Continue forward to our generation – 60’s, 70’s, and 80’s.  You know, the time of really amazing hair and clothing!  Our biggest worry was which leg warmers to wear over our stretch pants.  Or did we have all of our homework done in time for Wonderful Word of Disney on Sunday nights… right after Mutual of Omaha’s Wild Kingdom?  45’s were $1.00 at Newberrys (plus the bus fair to get downtown) and candy really did cost a penny at the Milk Bottle on Garland!  Movies at the Fox were double headers… two for the price of one!  Life WAS much easier!

So, here we are today… 2011… 21st Century… the present day… you know, WAY in the future!  Technology rules our lives.  Phones with a cord are obsolete.  Everything is instant and fast and ever-changing.  Who needs to be ready to watch our favorite program because we will just DVR it!  We don’t watch shows about talking cars or wild animals… we watch crime drama’s and reality TV.  If you don’t like what the family is doing or watching, just pull something different up on your computer or one of the other three TV’s in the house.  Who needs to use good old fashioned verbal communication anymore… we have texting!  Never mind actually getting together to share a meal or visit.  No time!  

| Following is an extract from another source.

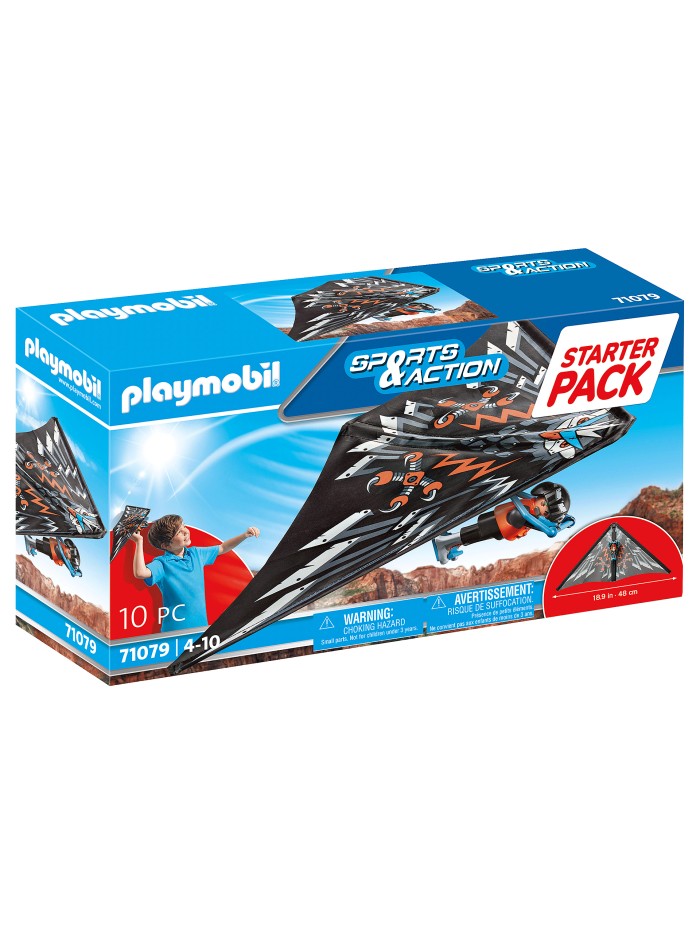 Playmobil starter pack ala delta Playmobil starter pack ala delta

It’s a dog-eat-dog world out there and our youth are living it large!  The world where kids respect adults and care about others… not there.  The world where kids play a neighborhood game of Kick The Can together… not there.  They stand around and text each other.  Words that we would never even have considered saying or actually said out loud are now common language…”it’s just the way we talk.”  A world of “reach out and touch someone” has taken on a total different meaning.  This generation is entitled… or so they think.  

It’s NOT easier, but it’s all they know.  The way we lived was all we knew!  I often think about how each generation truly believed that they were on the cutting edge of technology and life!  Life has always changed, but not at the rate it is today.  I think the Ingalls were on to something moving there family out onto the prairie away from the hustle and bustle of the city!  Some days I long to live in a time that was easier… you know when movies were a nickel and everyone walked barefoot to school… uphill both ways… in the snow!